-------- THE INPUT --------

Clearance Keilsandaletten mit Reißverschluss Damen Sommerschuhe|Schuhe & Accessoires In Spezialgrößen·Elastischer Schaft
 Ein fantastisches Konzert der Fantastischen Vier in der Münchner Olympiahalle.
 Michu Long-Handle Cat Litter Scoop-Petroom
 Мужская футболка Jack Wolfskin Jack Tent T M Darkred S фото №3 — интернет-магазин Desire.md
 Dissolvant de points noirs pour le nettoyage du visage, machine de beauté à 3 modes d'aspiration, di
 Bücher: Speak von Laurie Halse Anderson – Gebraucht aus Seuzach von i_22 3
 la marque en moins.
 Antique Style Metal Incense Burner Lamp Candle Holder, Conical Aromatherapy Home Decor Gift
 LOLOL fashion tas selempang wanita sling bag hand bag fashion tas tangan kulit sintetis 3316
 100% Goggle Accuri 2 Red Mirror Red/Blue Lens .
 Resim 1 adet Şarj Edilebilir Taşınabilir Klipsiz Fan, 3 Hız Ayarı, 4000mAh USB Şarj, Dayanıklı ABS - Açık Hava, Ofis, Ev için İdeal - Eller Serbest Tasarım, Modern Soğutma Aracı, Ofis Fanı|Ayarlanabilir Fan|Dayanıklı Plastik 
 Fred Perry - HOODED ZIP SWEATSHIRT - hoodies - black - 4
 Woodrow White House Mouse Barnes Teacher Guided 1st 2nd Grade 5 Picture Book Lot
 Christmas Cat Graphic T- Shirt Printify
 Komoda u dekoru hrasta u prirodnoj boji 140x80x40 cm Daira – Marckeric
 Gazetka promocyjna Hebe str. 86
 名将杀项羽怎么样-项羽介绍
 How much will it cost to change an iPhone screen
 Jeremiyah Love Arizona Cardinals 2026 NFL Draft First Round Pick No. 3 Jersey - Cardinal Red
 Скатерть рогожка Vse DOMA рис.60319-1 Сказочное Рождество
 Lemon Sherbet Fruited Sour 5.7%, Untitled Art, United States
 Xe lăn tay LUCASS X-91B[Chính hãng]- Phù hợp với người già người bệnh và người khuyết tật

--------

The stretch of entries above that starts with the line containing "Woodrow White House" and goes on through the line containing "Lemon Sherbet Fruited" is to be transcribed exactly, and no other line is to be transcribed.

 Woodrow White House Mouse Barnes Teacher Guided 1st 2nd Grade 5 Picture Book Lot
 Christmas Cat Graphic T- Shirt Printify
 Komoda u dekoru hrasta u prirodnoj boji 140x80x40 cm Daira – Marckeric
 Gazetka promocyjna Hebe str. 86
 名将杀项羽怎么样-项羽介绍
 How much will it cost to change an iPhone screen
 Jeremiyah Love Arizona Cardinals 2026 NFL Draft First Round Pick No. 3 Jersey - Cardinal Red
 Скатерть рогожка Vse DOMA рис.60319-1 Сказочное Рождество
 Lemon Sherbet Fruited Sour 5.7%, Untitled Art, United States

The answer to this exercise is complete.